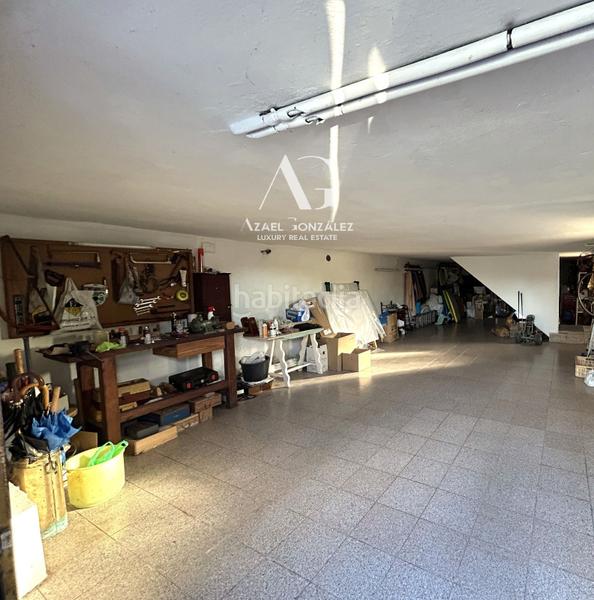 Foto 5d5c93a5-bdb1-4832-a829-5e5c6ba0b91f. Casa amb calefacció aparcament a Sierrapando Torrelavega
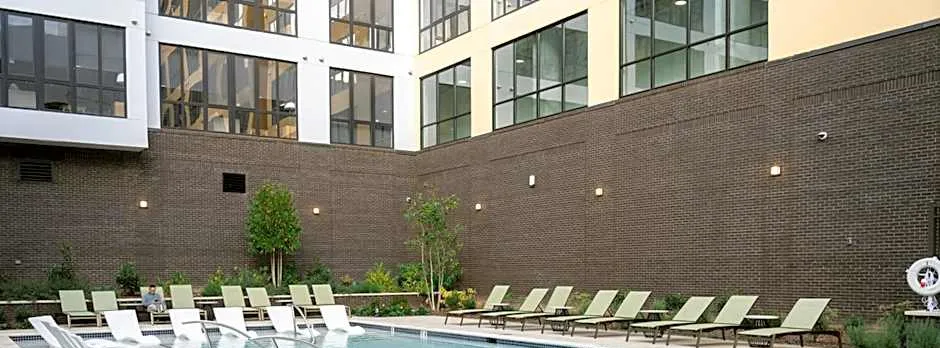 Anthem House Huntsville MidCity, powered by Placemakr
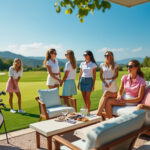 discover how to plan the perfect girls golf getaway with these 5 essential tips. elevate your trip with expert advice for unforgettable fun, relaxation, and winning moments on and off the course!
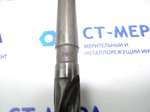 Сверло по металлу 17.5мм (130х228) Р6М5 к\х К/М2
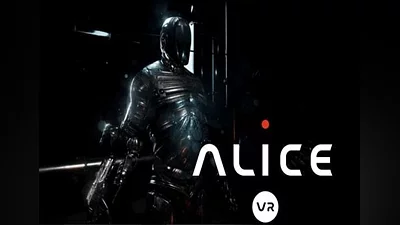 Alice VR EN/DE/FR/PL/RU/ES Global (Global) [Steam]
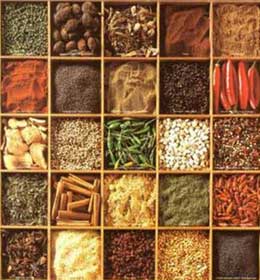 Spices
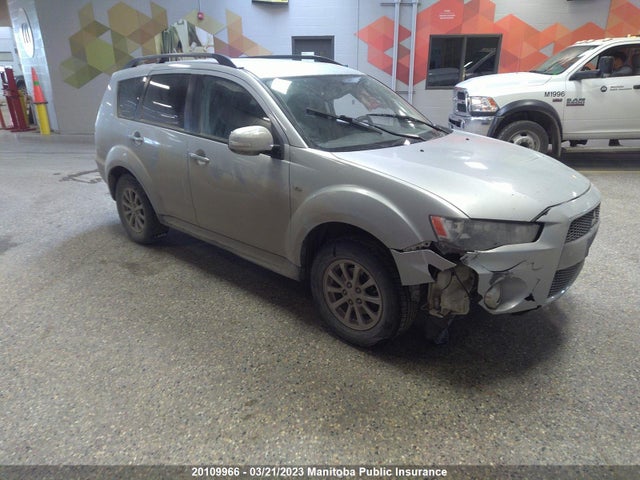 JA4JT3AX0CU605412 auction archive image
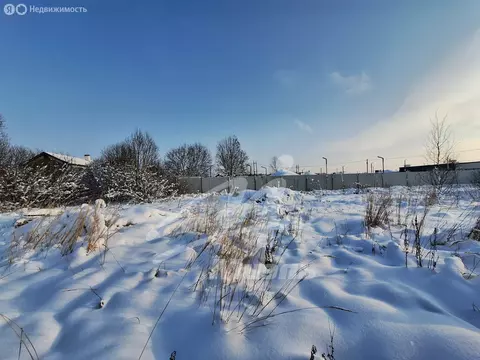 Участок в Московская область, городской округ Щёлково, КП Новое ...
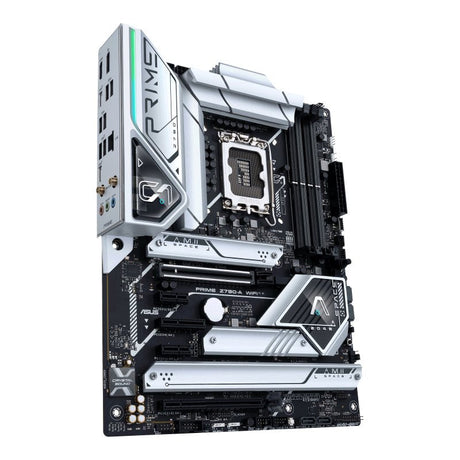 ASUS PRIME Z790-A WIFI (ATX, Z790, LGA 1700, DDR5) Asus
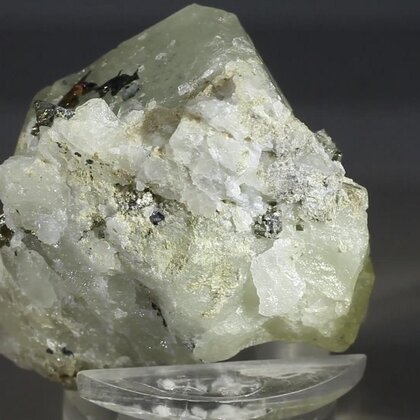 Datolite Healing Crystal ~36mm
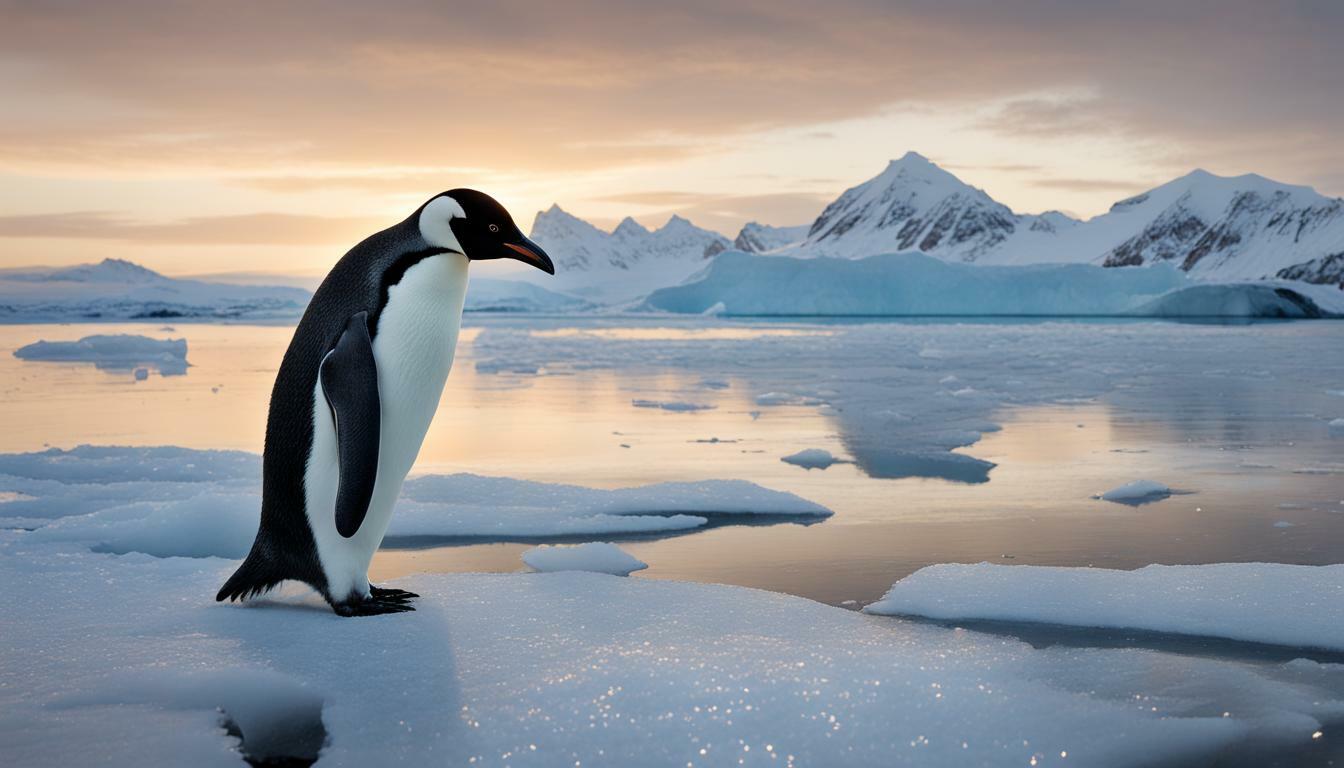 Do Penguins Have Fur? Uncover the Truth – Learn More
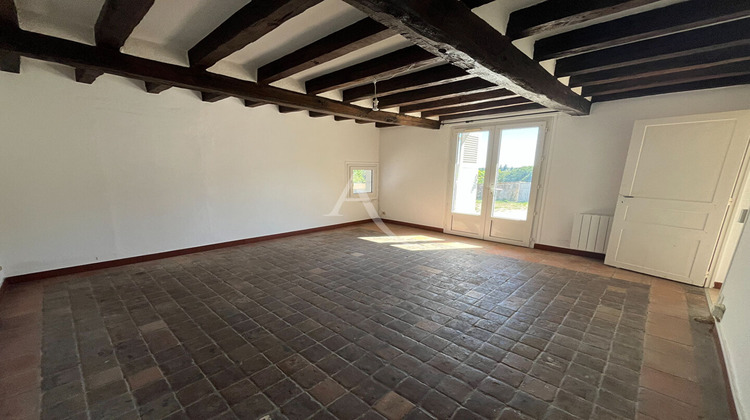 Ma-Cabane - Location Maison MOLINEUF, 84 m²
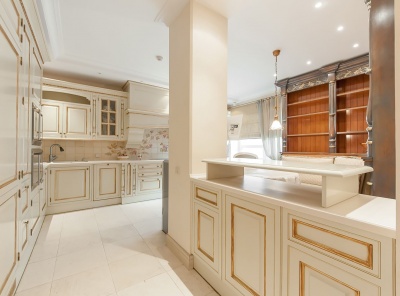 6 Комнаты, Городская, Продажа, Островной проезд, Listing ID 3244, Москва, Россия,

************

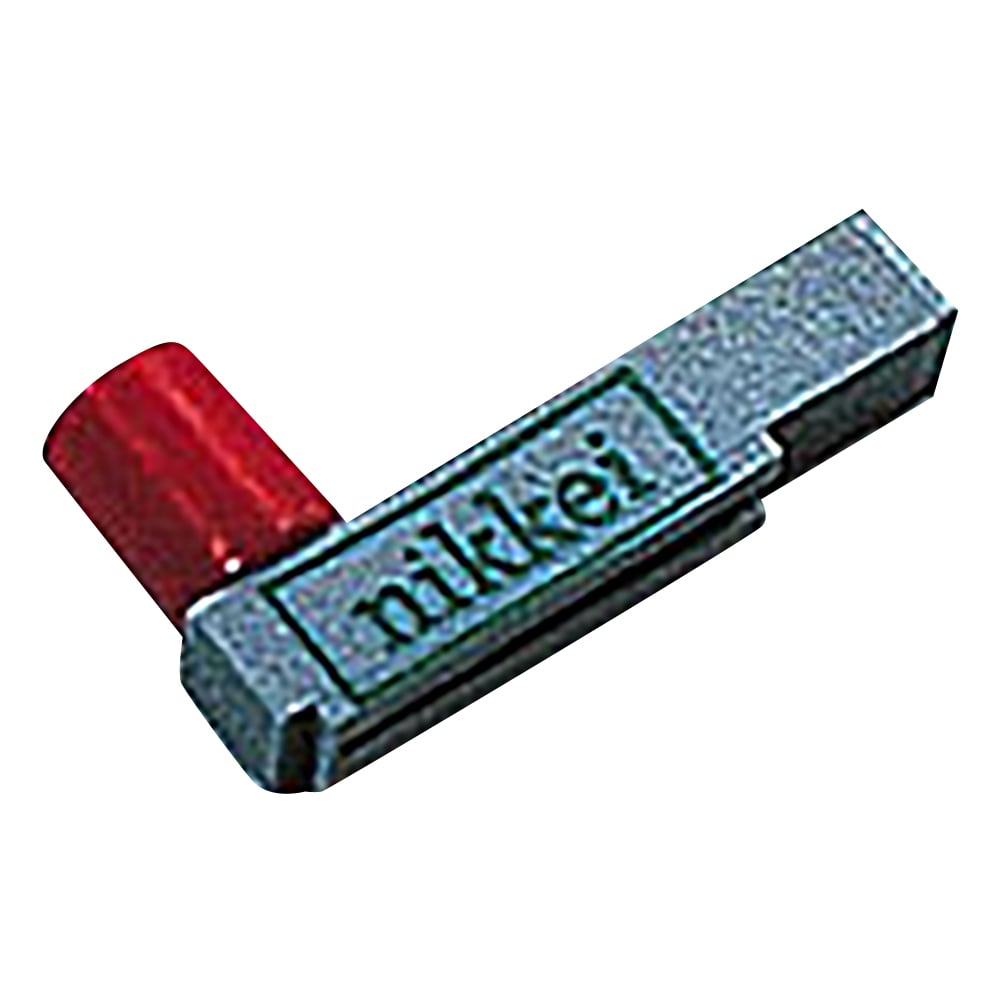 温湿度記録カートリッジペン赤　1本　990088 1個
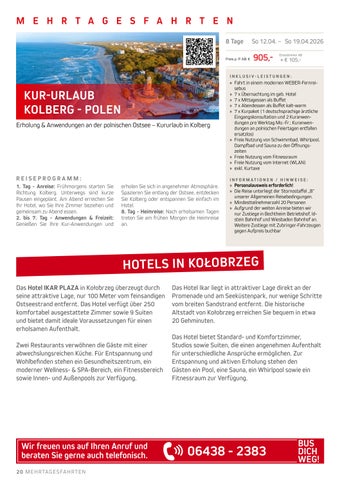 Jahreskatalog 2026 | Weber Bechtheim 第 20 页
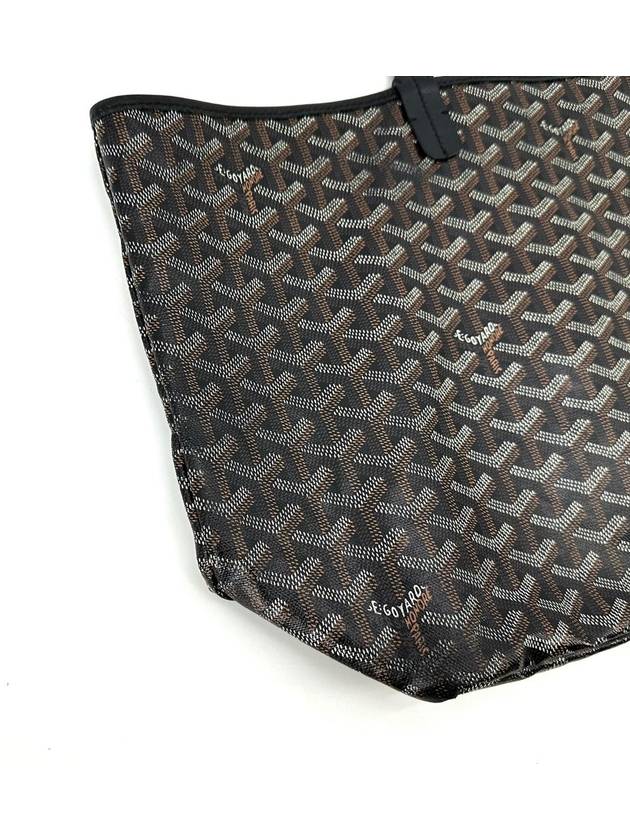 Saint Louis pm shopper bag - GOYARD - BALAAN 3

************

» **Work item**
With the pictures omitted, copy exactly the lines of the listing above starting at the line containing "Alice VR EN/DE/FR/PL/RU/ES" and ending at the line containing "6 Комнаты, Городская, Продажа, Островной", both included.

» **Worked solution**
 Alice VR EN/DE/FR/PL/RU/ES Global (Global) [Steam]
 Spices
 JA4JT3AX0CU605412 auction archive image
 Участок в Московская область, городской округ Щёлково, КП Новое ...
 ASUS PRIME Z790-A WIFI (ATX, Z790, LGA 1700, DDR5) Asus
 Datolite Healing Crystal ~36mm
 Do Penguins Have Fur? Uncover the Truth – Learn More
 Ma-Cabane - Location Maison MOLINEUF, 84 m²
 6 Комнаты, Городская, Продажа, Островной проезд, Listing ID 3244, Москва, Россия,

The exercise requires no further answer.